◆ EXERCISE DIRECTIONS
I'd like every entry transcribed word for word, with no pictures.

[Crawled caption data]
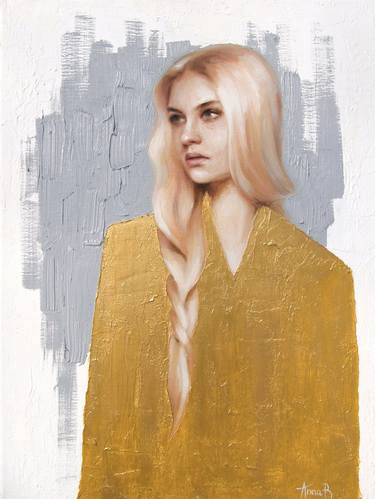 Original Modern Portrait Paintings by Anna Bernadskaya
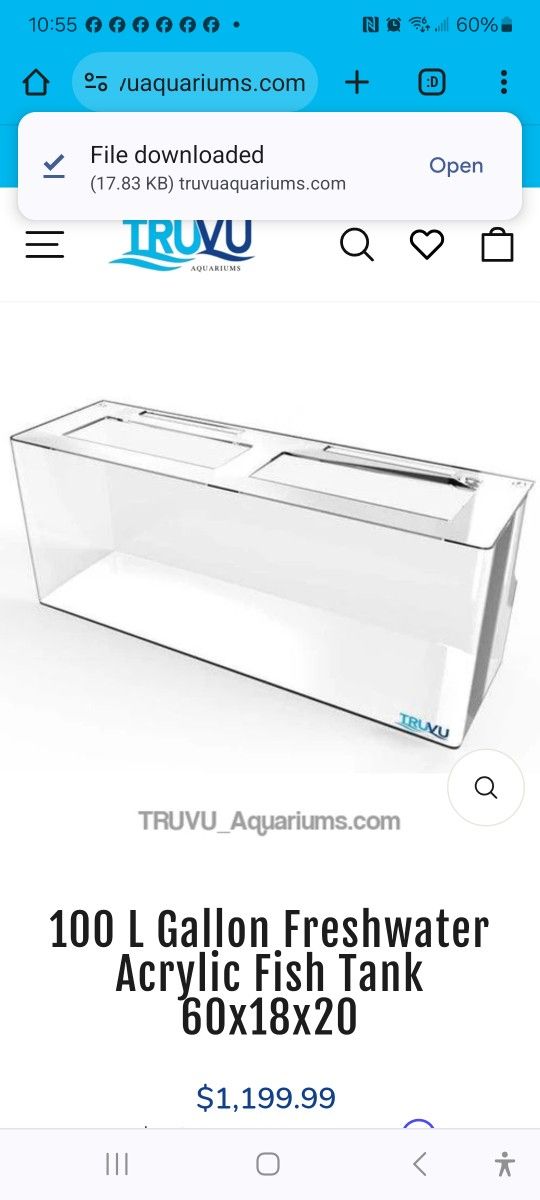 80 Plus Gallon Reptile Tank Or Fish Tank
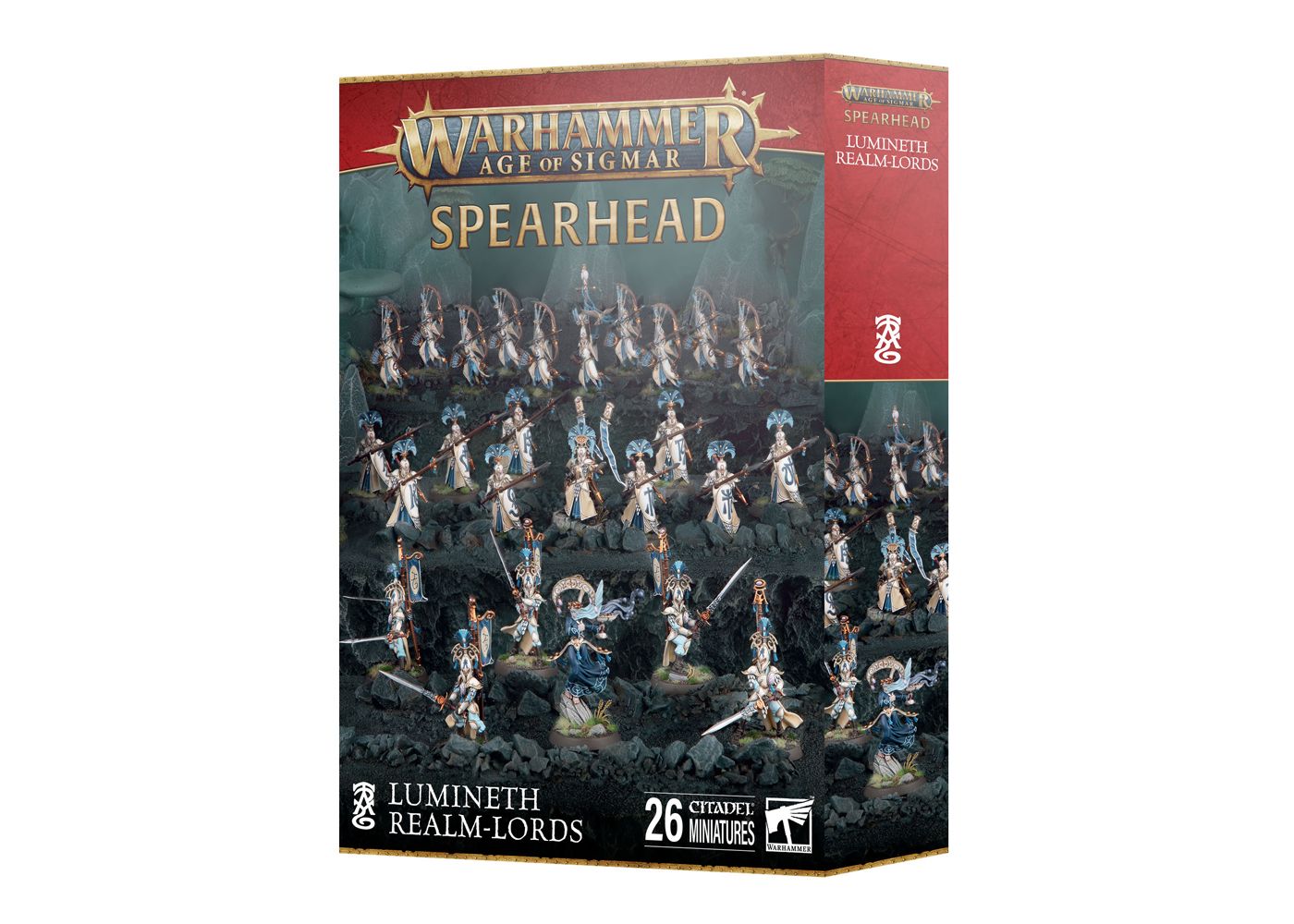 Spearhead - Lumineth Realm - Lords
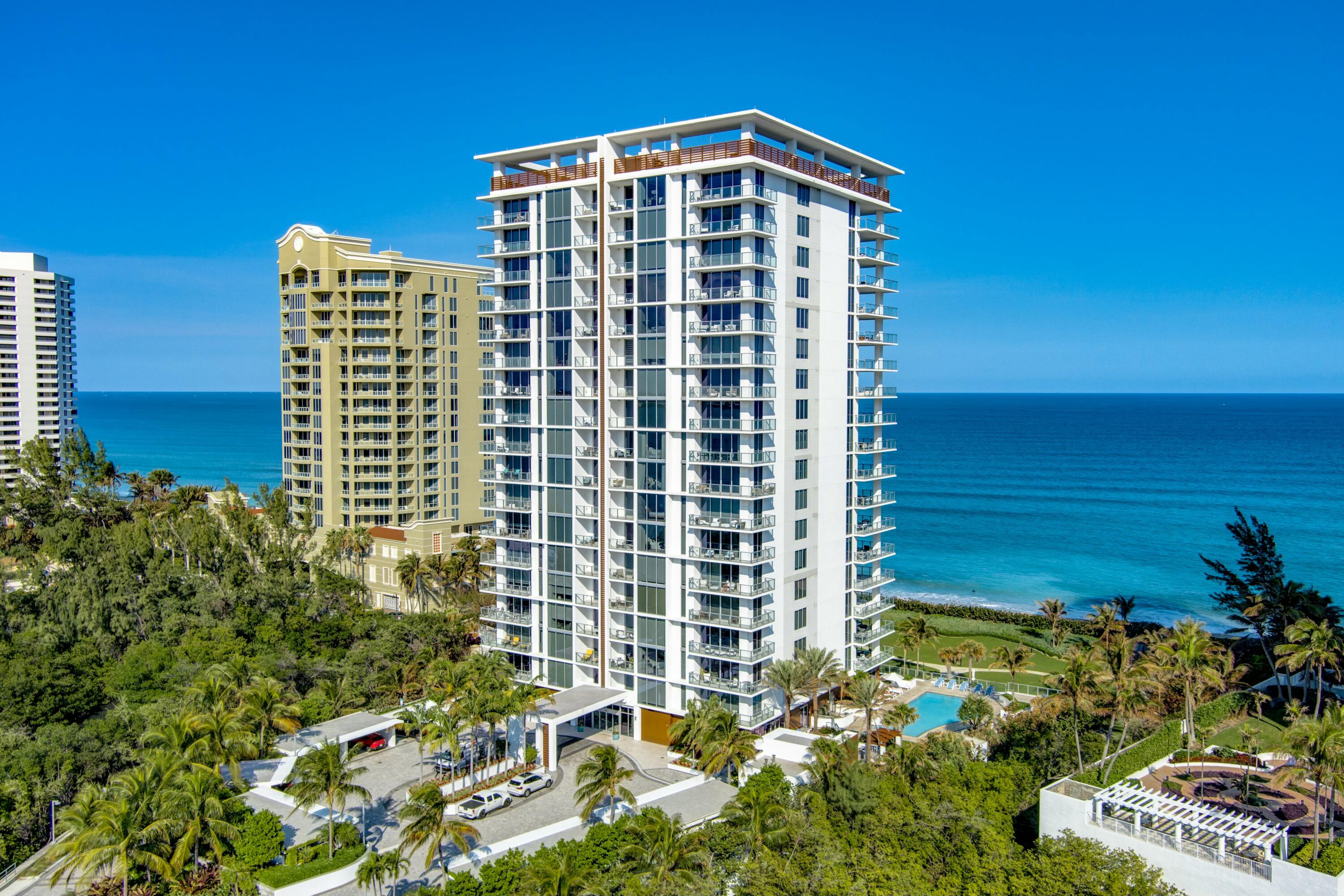 5000 North Ocean Drive, Unit 803 Riviera Beach, FL 33404 - Photo 44 of 62 Aerial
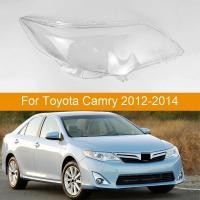 ราคา ฝาครอบไฟหน้าสําหรับ Toyota Camry 2012-2014 ไฟหน้าพลาสติกเลนส์โคมไฟโปร่งใส Shell เปลี่ยนกระจกเดิม (47209049436)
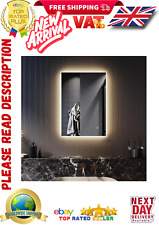 Backlit illuminated bathroom for sale  LUTON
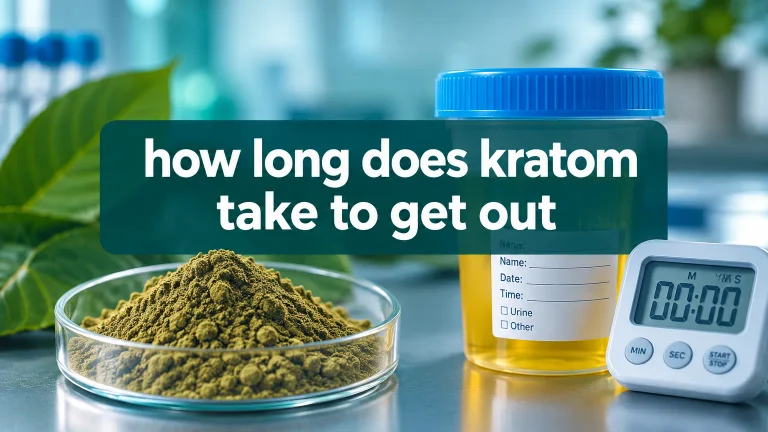 How Long Does Kratom Take To Get Out Of Your System: Detection Windows And Clearance Times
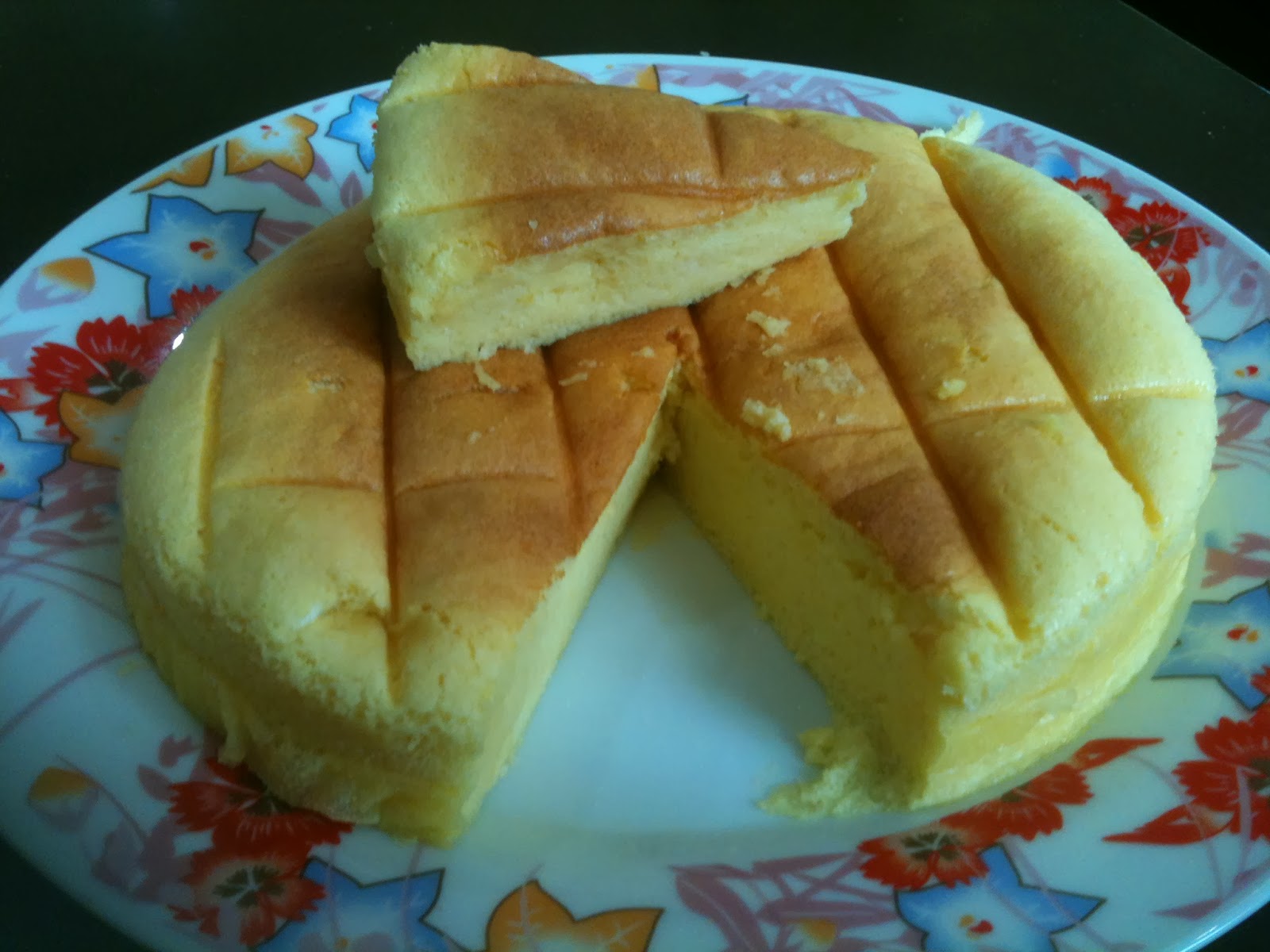 Dari Dapur Miza: Cheese Cake Meleleh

◆ REPLY
 Original Modern Portrait Paintings by Anna Bernadskaya
 80 Plus Gallon Reptile Tank Or Fish Tank
 Spearhead - Lumineth Realm - Lords
 5000 North Ocean Drive, Unit 803 Riviera Beach, FL 33404 - Photo 44 of 62 Aerial
 ราคา ฝาครอบไฟหน้าสําหรับ Toyota Camry 2012-2014 ไฟหน้าพลาสติกเลนส์โคมไฟโปร่งใส Shell เปลี่ยนกระจกเดิม (47209049436)
 Backlit illuminated bathroom for sale  LUTON
 How Long Does Kratom Take To Get Out Of Your System: Detection Windows And Clearance Times
 Dari Dapur Miza: Cheese Cake Meleleh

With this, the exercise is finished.